* **YOUR ASSIGNMENT**: Below are the records; reproduce all of them exactly but without any images.

++++++++

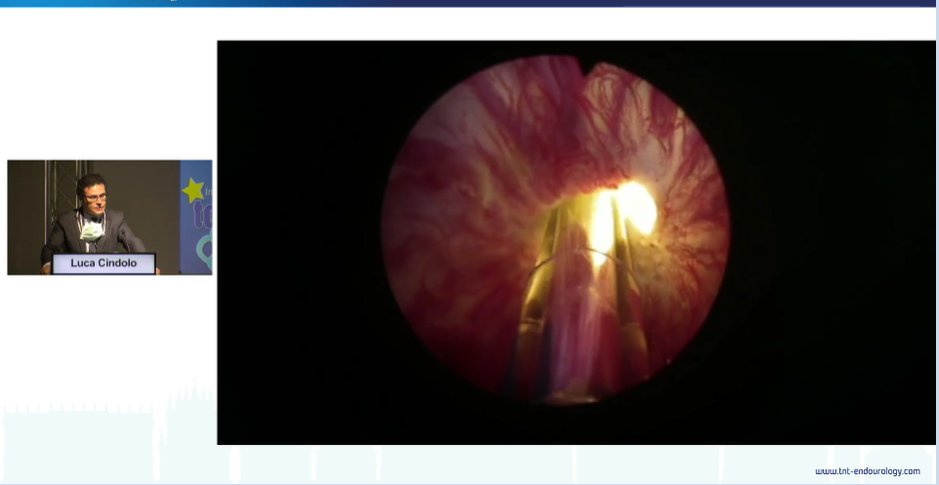 Boston Scientific Urology tweet media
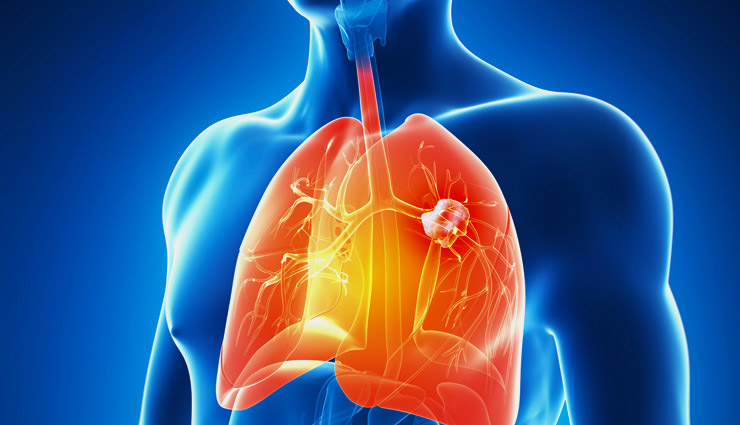 lungs,coronavirus,infection,corona infection,Health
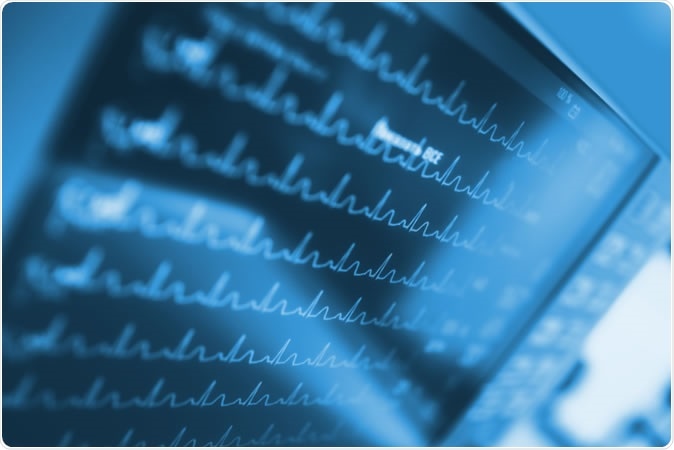 Image Credit: sfam_photo / Shutterstock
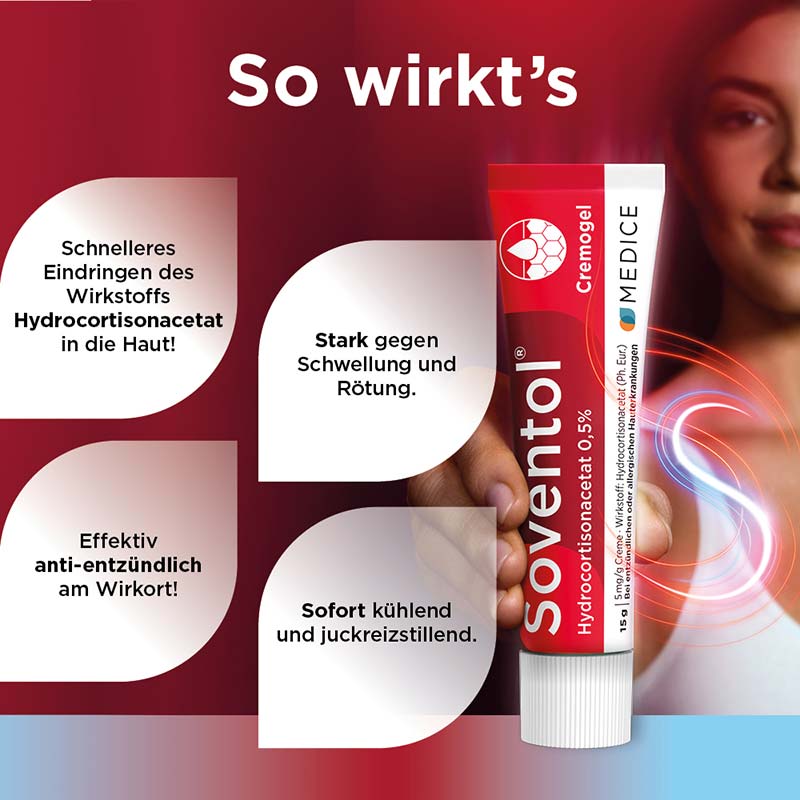 Soventol HydroCortisonACETAT 0,5% bei Hautentzündungen 15 g Creme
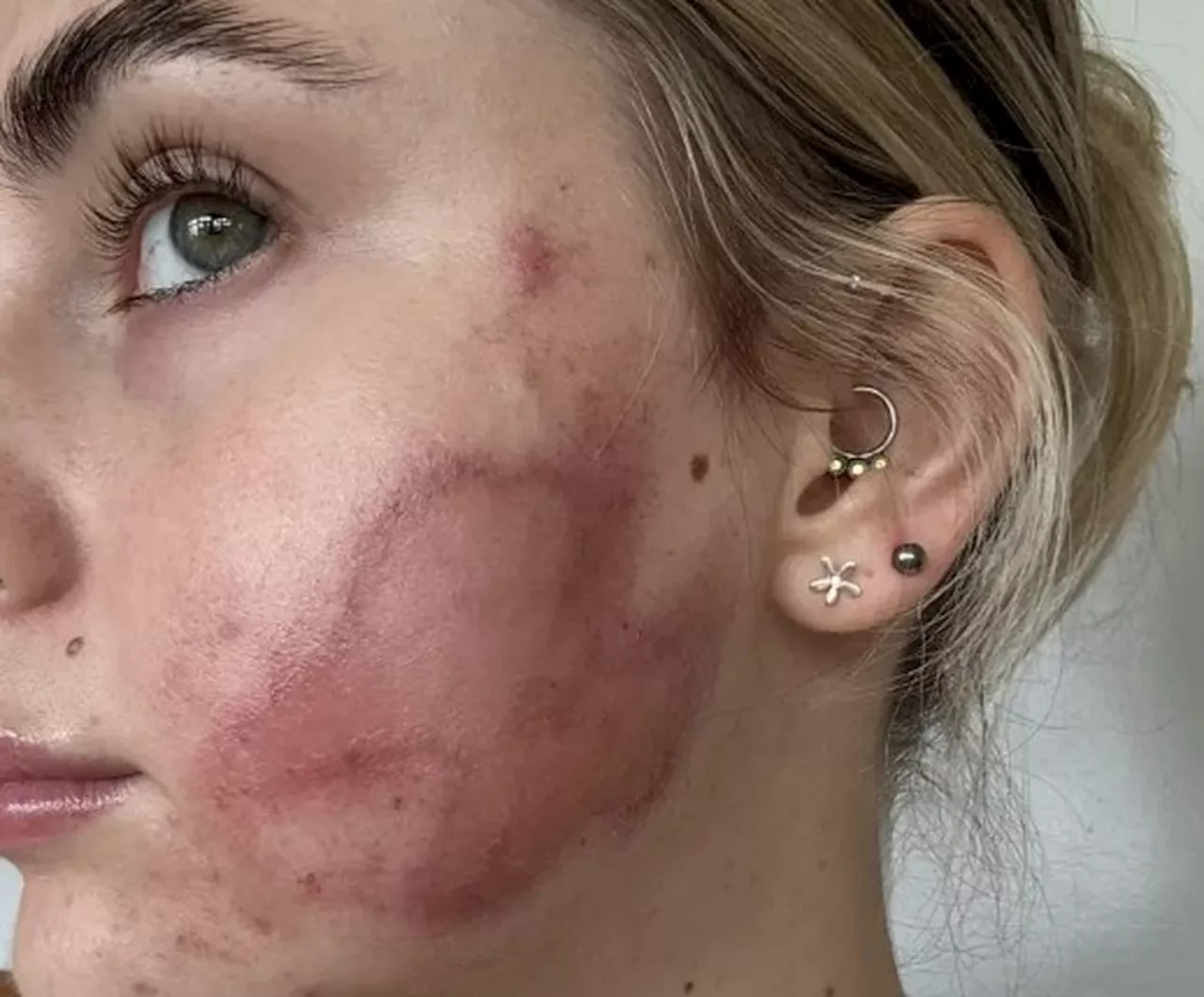 Mulher recorre a popular tratamento contra acne e acaba com queimaduras e cicatrizes permanentes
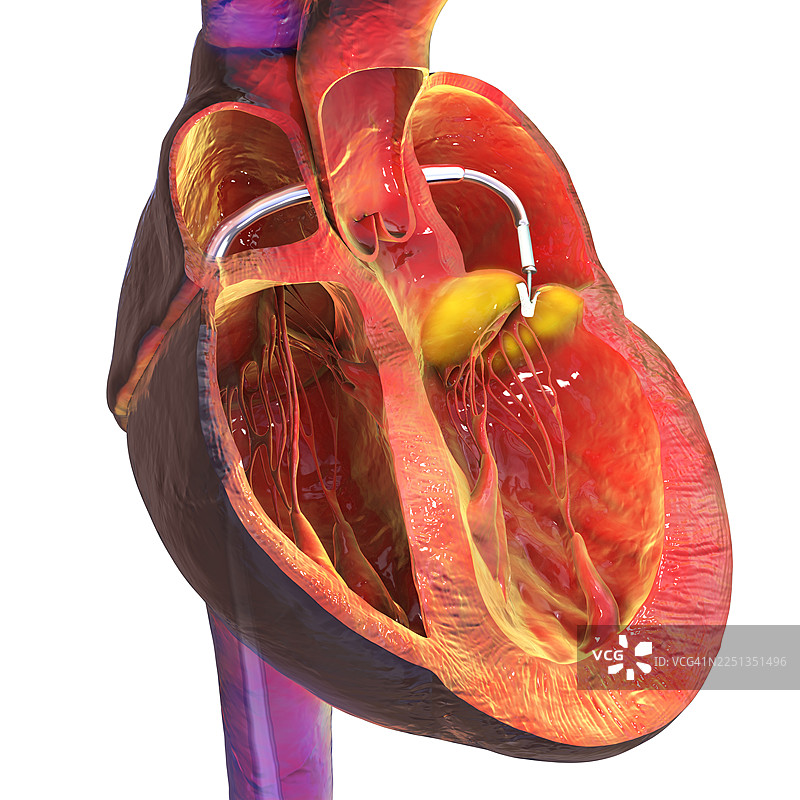 经导管心脏边缘修复术，插画图片素材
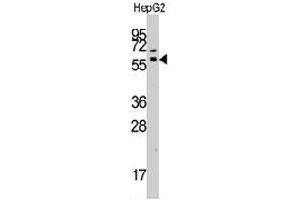Western blot analysis of GRK7 polyclonal antibody  in HepG2 cell line lysates (35 ug/lane). (GRK7 抗体  (C-Term))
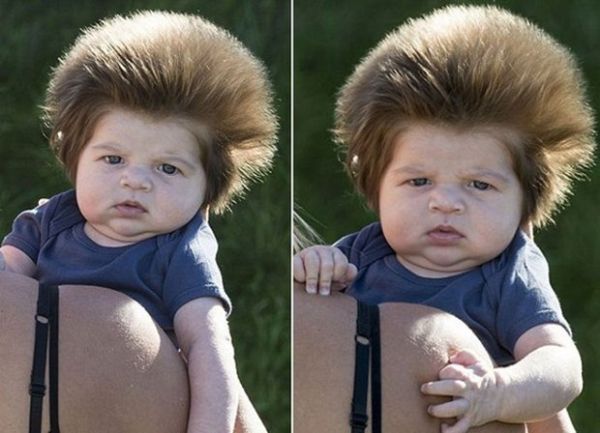 Bütün dünya bu körpədən danışır - 2 aylıq olsa da... - FOTOLAR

++++++++

* **ANSWER SPACE**:
 Boston Scientific Urology tweet media
 lungs,coronavirus,infection,corona infection,Health
 Image Credit: sfam_photo / Shutterstock
 Soventol HydroCortisonACETAT 0,5% bei Hautentzündungen 15 g Creme
 Mulher recorre a popular tratamento contra acne e acaba com queimaduras e cicatrizes permanentes
 经导管心脏边缘修复术，插画图片素材
Western blot analysis of GRK7 polyclonal antibody  in HepG2 cell line lysates (35 ug/lane). (GRK7 抗体  (C-Term))
 Bütün dünya bu körpədən danışır - 2 aylıq olsa da... - FOTOLAR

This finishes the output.